Question

see question in comment box !
Integrals....

I'm working on it and will post my answer in the comment box when I'm done.

Answer 1

\[\int\limits \frac{ sinx}{ (4 +cosx)^{6}} (dx)\]

Answer 2

\[ u= (4 +cosx)^{6}\]

and

\[\frac{ du }{ dx} = 6(4+cosx)^{5}(-sinx)\]

Answer 3

Nah, just let \(u = 4+\cos x\)

Answer 4

You usually dont want to include the exponent in your u-substitutions. Usually its always whats inside of the power, square, root, etc. In this case that is true as well, just let u 4 + cosx as mentioned above.

Answer 5

what about the exponent power to the 6 ?

Answer 6

Okay cool! Makes it easier, so is this a rule that one should apply when we see exponents on the outside ?

Answer 7

Your goal is to get rid of everything x and dx and to have only u, du, and constant.
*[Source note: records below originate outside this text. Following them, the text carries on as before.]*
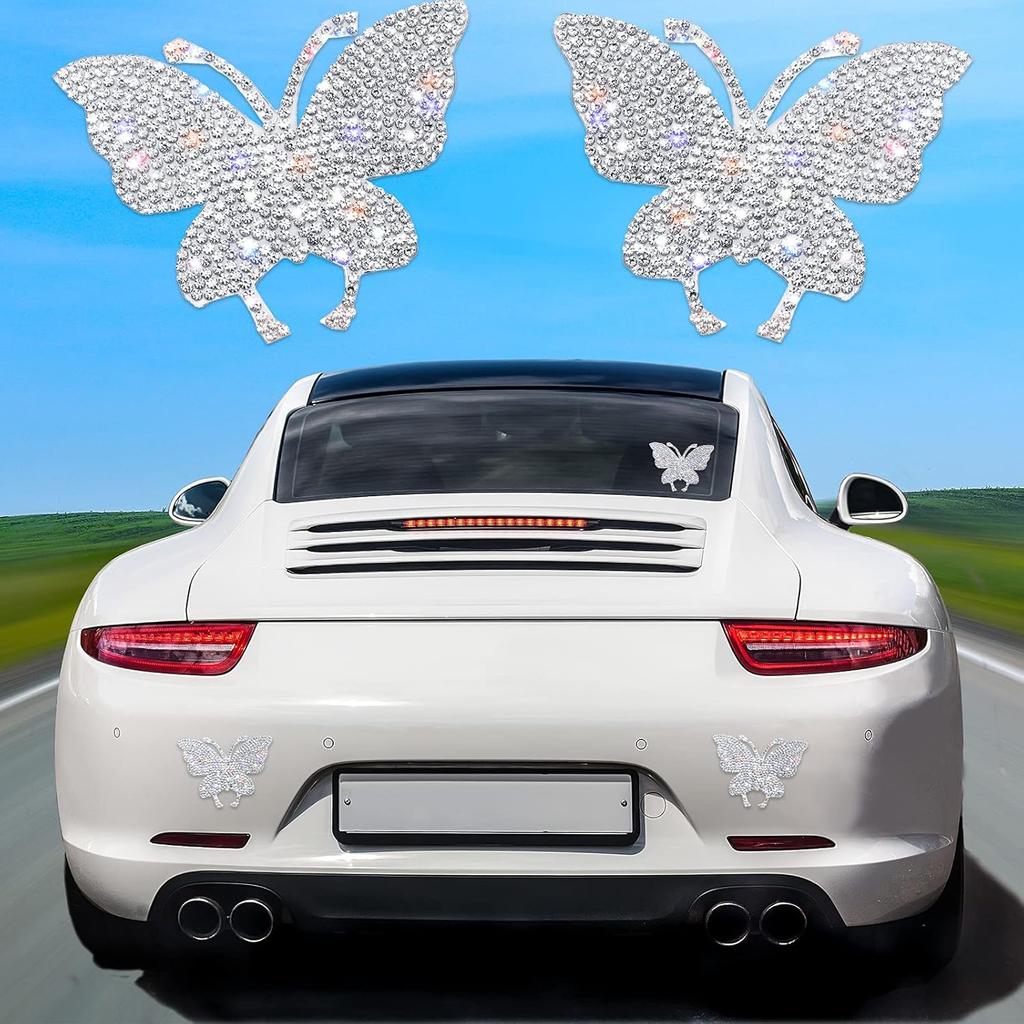 Frienda 4 Pieces Crystal Car Stickers Butterfly Bling Rhinestone Decals Women Shiny Butterfly Stickers Accessories for Car Body Bumper Window Laptop
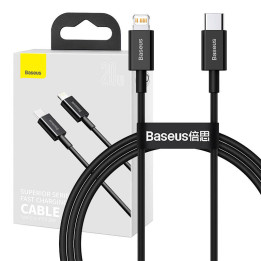 Baseus Lightning – USB-C Superior Series, 20W, PD, 1m (Czarny)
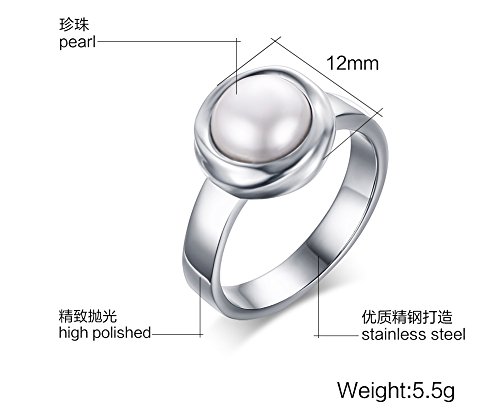Stainless Steel Pure White Freshwater Cultured Pearl Engagement Band Ring For Women,Size 7-9 (7) #TOP2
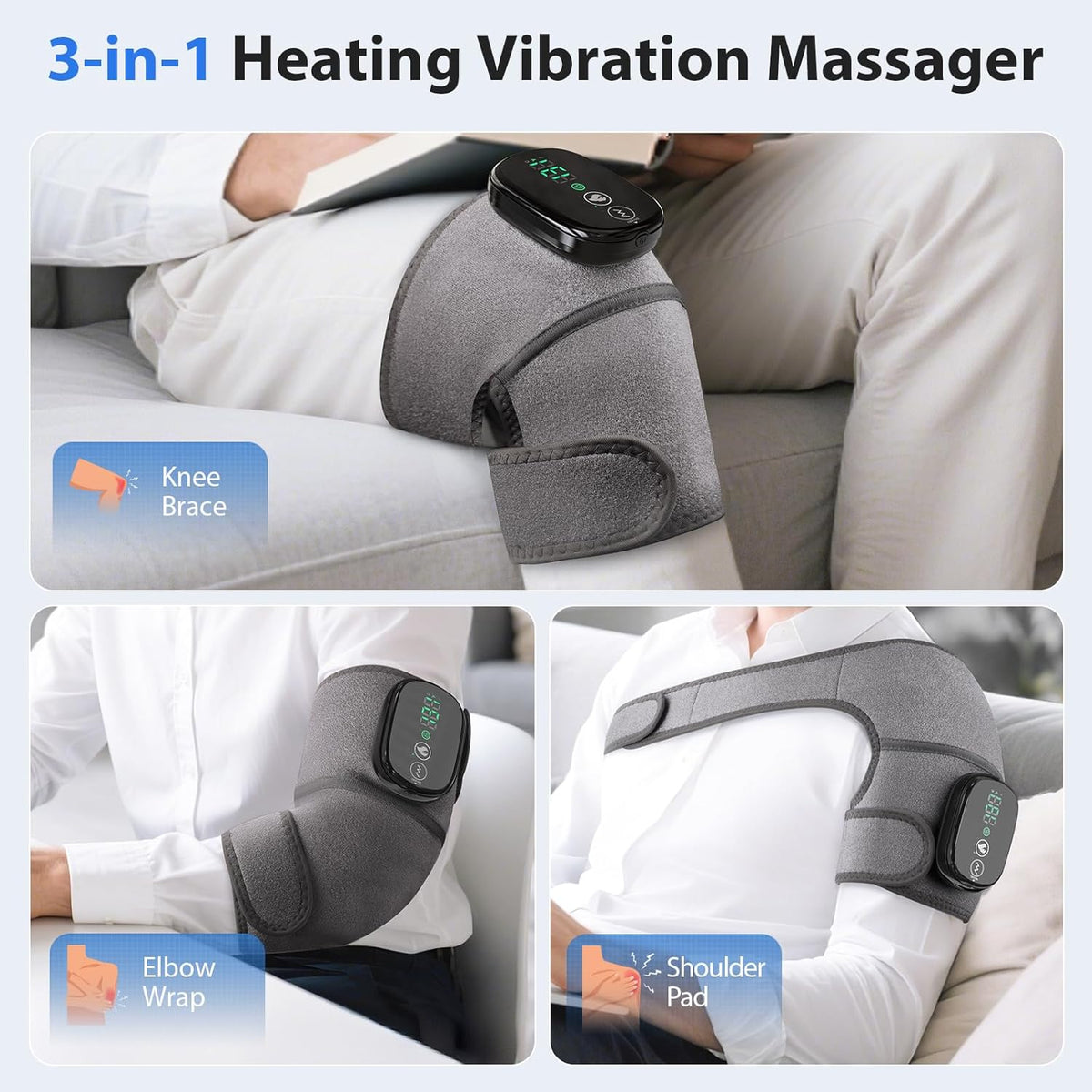 Heated Knee Massager, Foot Massager with Heat, Shoulder Massagers with Heat, Knees Warmers Wrap, 3-In-1 Vibration Heating Pad for Knee, Shoulder, and Elbow, Adjustable Size (Grey)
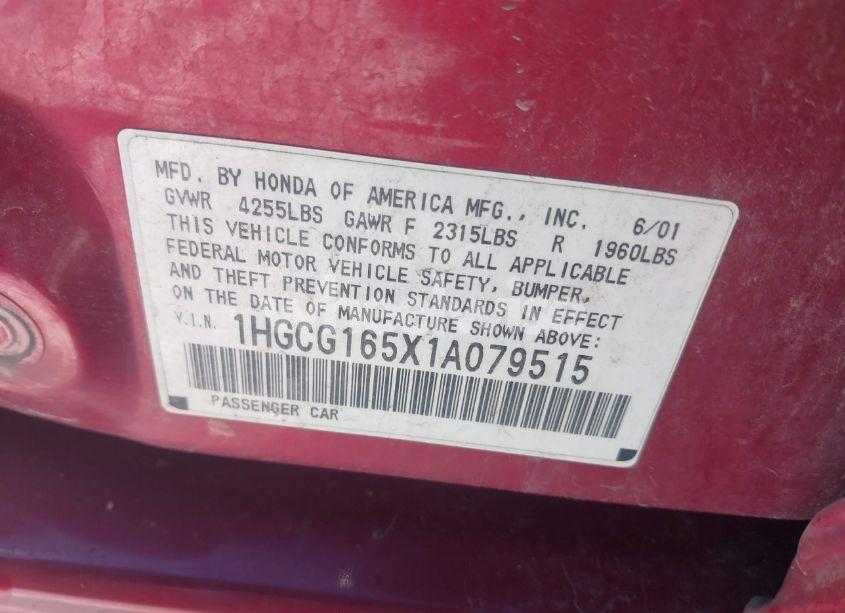Photo 9 of 2001 Honda Accord 3.0 EX (VIN 1HGCG165X1A079515)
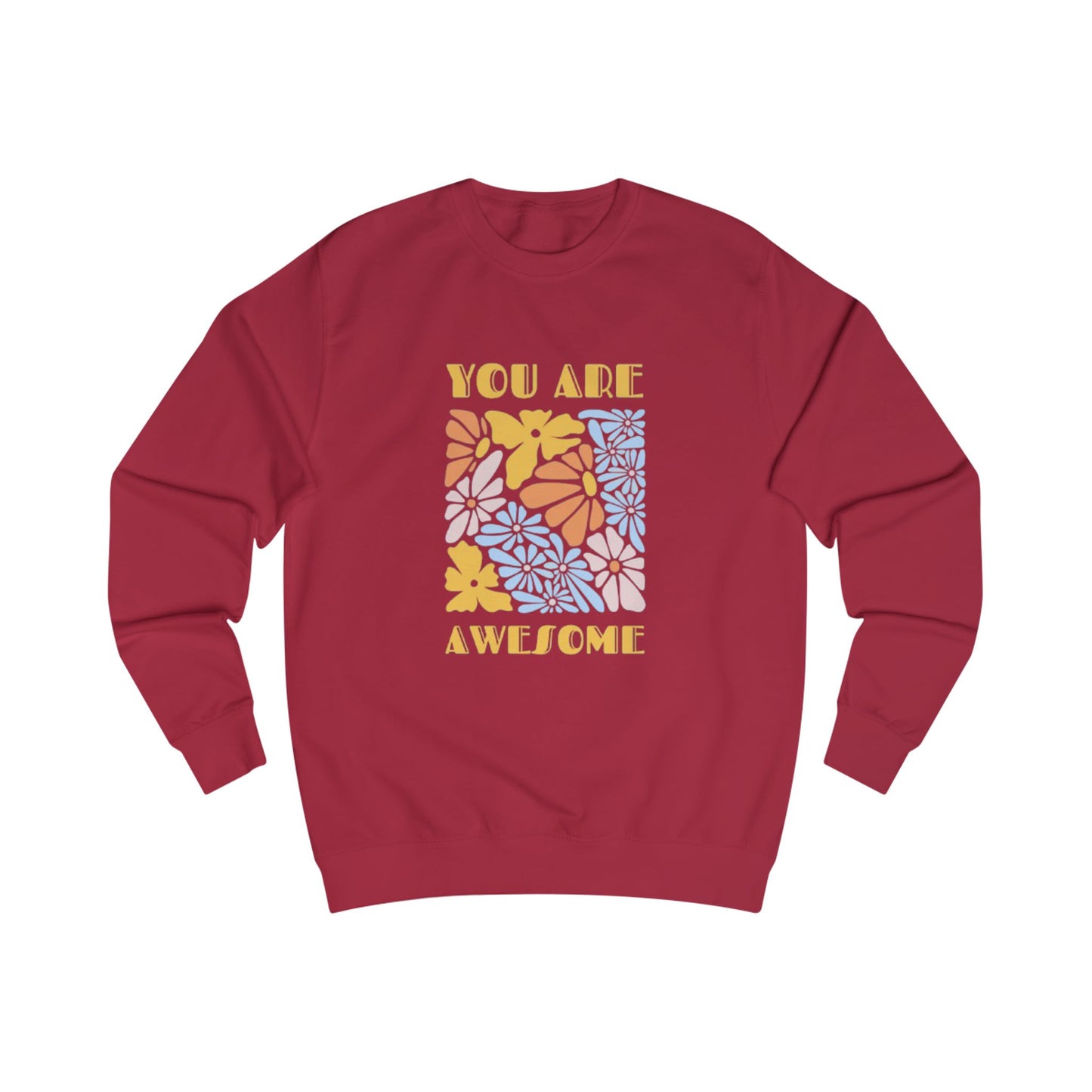 سويت شيرت زهري "أنتِ رائعة" - بلوفر جرافيكي إيجابي للنساء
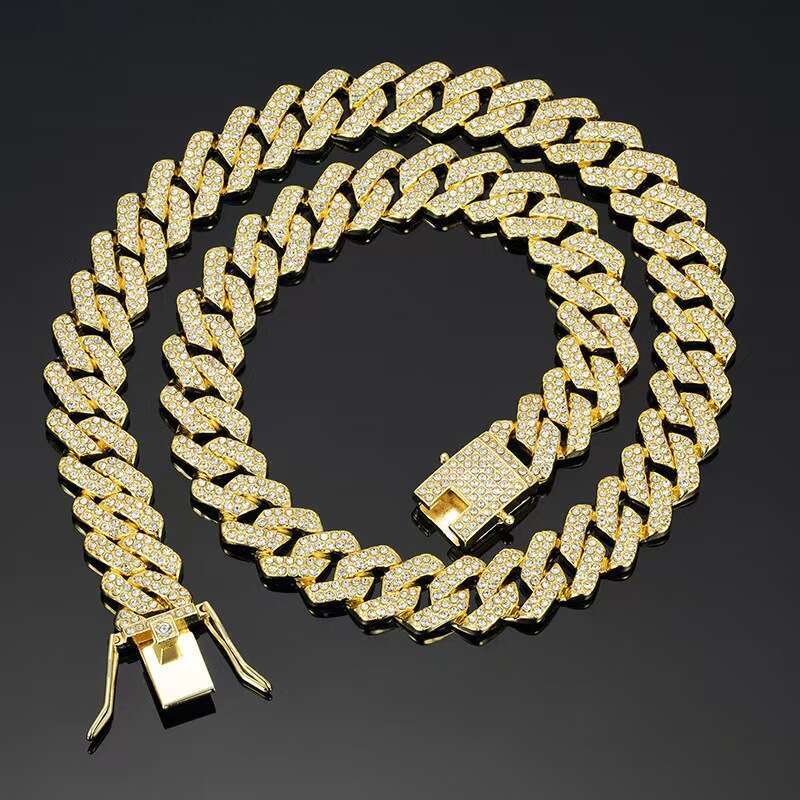 Wang Yibo's same style 14mm diamond-shaped Cuban chain high-quality zinc alloy necklace hip-hop men's and women's bracelet wholesale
Using u = (4+cosx)^6 is a chain rule and adds extra expressions with x that cannot be cancelled out.

Answer 8

So you often want your u-substitutions to be selections that wont be chain rules, since those multiply by inner functions, hence creating more expressions of x.

Answer 9

Okay so if u= 4+cosx
that changes my du/dx too !

Answer 10

du/dx = -sin x

Answer 11

Right, it makes du = -sinxdx, which cancels out the necessary sinx expression without creating extra things that cannot cancel.

Answer 12

okay okay cool
now i'm trying to do the u-substition

Answer 13

does the du go on top ?

Answer 14

You actually have to have du on top in order to properly integrate. I suppose its not explicitly mentioned all the time, but whatever your differential is, du, dx, etc, it must be in the numerator in order to integrate.

Answer 15

as in \[\int\limits \frac{ -sinx }{u ^{6} }\]

Answer 16

is this right ?

Answer 17

Still need your expression for dx.

Answer 18

okay